A 1 Station Radio è intervenuto Carlo Jacomuzzi, presidente dell’Aioc ed ex direttore sportivo di Napoli ed Atalanta. E ha parlato dei problemi del calcio italiano: "Coverciano forma ogni anno circa 40 direttori sportivi e una ottantina di osservatori, ma poi vediamo che nei club, a ricoprire quei ruoli, sono quasi tutti stranieri. Non abbiamo più nulla di nostro. La dimostrazione è che siamo qui, con la paura di non andare ai Mondiali per la seconda o terza volta. O si pone un limite, o non si può andare avanti così. Bisogna chiedere garanzie alle società, trovare una linea comune. Anche perché, ormai, molte società sono in mano a proprietà straniere. Il nostro calcio non ci appartiene più, e questo fa male".
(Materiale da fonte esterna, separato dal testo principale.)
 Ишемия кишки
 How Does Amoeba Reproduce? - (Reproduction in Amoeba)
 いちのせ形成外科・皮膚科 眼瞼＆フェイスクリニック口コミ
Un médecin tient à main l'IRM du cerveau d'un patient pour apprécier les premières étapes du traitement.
E ha aggiunto: "Eppure, nei settori giovanili lavoriamo bene: gli allenatori e i collaboratori sono preparati, e a livello giovanile siamo sempre competitivi, arriviamo fino alle fasi finali. Quindi alla base lavoriamo ancora bene. È nella parte alta del sistema che non funziona più nulla. Guardo le partite e vedo due, tre italiani per squadra. Anche in panchina sono per lo più stranieri. Allora qualcosa non va. Forse la legge del 10% ha creato un alibi per spendere meno, ma non è accettabile. La Federazione deve porre un rimedio: così non si può andare avanti".
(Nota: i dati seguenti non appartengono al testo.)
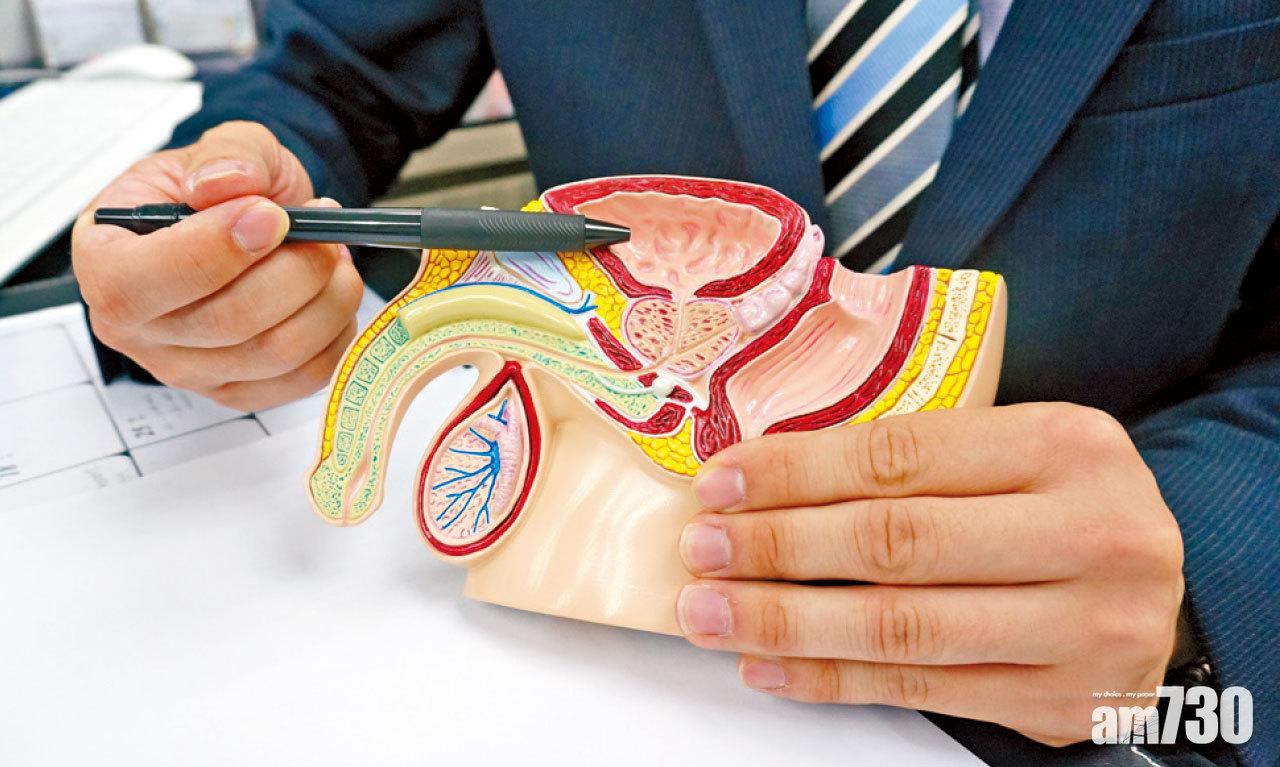 膀胱不由自主收縮,便會引致尿頻。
Poi ha chiuso dicendo: "L’Europa non può porre limiti alla libera circolazione dei lavoratori, quindi tecnicamente non possiamo impedire ai club di tesserare stranieri. Detto questo, se si volesse davvero intervenire, i modi si troverebbero. Si possono fissare limiti d’età, tetti ai guadagni, criteri di trasferimento: mille soluzioni ci sarebbero, ma serve la volontà politica e federale per farlo. Oggi guardi le partite e fai fatica persino a leggere i nomi dei giocatori: sono tutti stranieri. E non è bello, perché i tifosi non si riconoscono più nelle squadre. Una volta i bambini sognavano di essere Rivera, Boninsegna… ora non hanno più punti di riferimento. Anche le figurine di una volta creavano un legame, un’identità. Oggi non c’è più niente di tutto questo: solo interessi economici. È un disastro per i giovani, che non si identificano più. Eppure, chi lavora nei settori giovanili sta facendo i salti mortali. Ma serve un sistema che li supporti, non che li lasci soli".